How the construction keeps it approachable
The tee is worked in two panels from the hem up, then seamed, with sleeves added directly off the body. That construction keeps the process straightforward and easy to follow, especially if you like seeing a garment grow in clear stages rather than wrestling with complex shaping all at once.
The body uses herringbone double crochet, which gives the main fabric structure and a polished look. The sleeves are where the pattern really opens up, since they use Solomon’s Knot stitch and become the visual feature that gives the tee its airy, lacy personality. It is a smart division of labor: the body keeps the garment grounded, while the sleeves provide the openwork detail that makes the design feel special.
Solomon’s Knot is the feature that teaches as it decorates
If you have wanted to learn Solomon’s Knot, this pattern makes the stitch feel less intimidating. Yarnspirations identifies Solomon’s Knot, also called Love Knot or Lover’s Knot, as an under-used openwork stitch that can shift from extra-lacy to slightly open depending on stitch height.

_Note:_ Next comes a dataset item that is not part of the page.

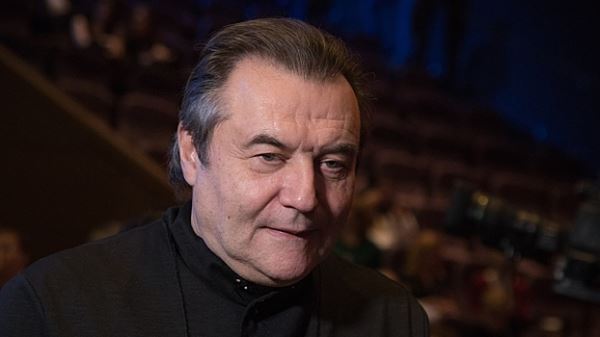 Алексей Учитель начал съемки фильма о Шостаковиче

That flexibility is part of why it works so well here.

Instead of asking you to build an entire garment out of a specialty lace stitch, the tee uses Solomon’s Knot in a focused section where the effect is easy to appreciate. You get the visual payoff without turning the whole project into a technical hurdle, which is a big reason the refreshed version feels more accessible.
Marly Bird’s own shop listing now adds video support and stitch diagrams, and that extra guidance matters for this stitch in particular. The combination of written instructions, visual aids, and a clear schematic turns a specialty technique into something you can actually learn while making a wearable piece.
Sizing, fit, and what the update adds
The pattern is written in four sizes, from S/M through 4X/5X, which gives the tee a wider reach than many crochet garment patterns. That broad sizing is a major part of the shareable appeal here because it signals that the project is meant for more than one body type and more than one style of wear.
The newly added blocking guidance and yarn substitution links also make the pattern more useful from a maker’s perspective. Blocking can make a big difference in an openwork garment like this, and substitution notes help you stay close to the intended drape if Bernat Softee Cotton is not already in your stash.
The result is a pattern that feels more complete on every level. It is still stylish, but now it is also better documented, easier to adapt, and more confident about what it wants to be: a summer top you can make, learn from, and wear.
Why this release fits Marly Bird’s broader spring push
The tee lands inside Marly Bird’s Spring Fling 2026, a weekday pattern promotion running from May 4 through May 29, 2026. Each weekday brings one free spring or summer pattern, and the ad-free PDF for that day is marked down by 65 percent for 24 hours, which adds a sense of momentum to the release.
That context helps explain the way the tee is being presented. Marly Bird, who says on her official YouTube channel that she has more than 20 years of experience, has built a reputation around making crochet feel practical and teachable. The Solomon’s Knot tee fits that approach neatly: it gives you a fashion-forward silhouette, but it also hands you the tools to understand the stitch work behind it.
The co-designer credit for Robyn Chachula also fits the pattern’s pedigree. Bird and Chachula have worked together before, including on the Sweetcorn Motif for the Moogly 2025 CAL, so this is a collaboration with history behind it, not a one-off pairing.
For crocheters looking at summer makes with both style and substance, this refresh delivers exactly what it promises. It keeps the airy specialty stitch that catches the eye, then backs it up with the sizing, tutorials, and construction details that make the finished tee feel like something worth wearing all season.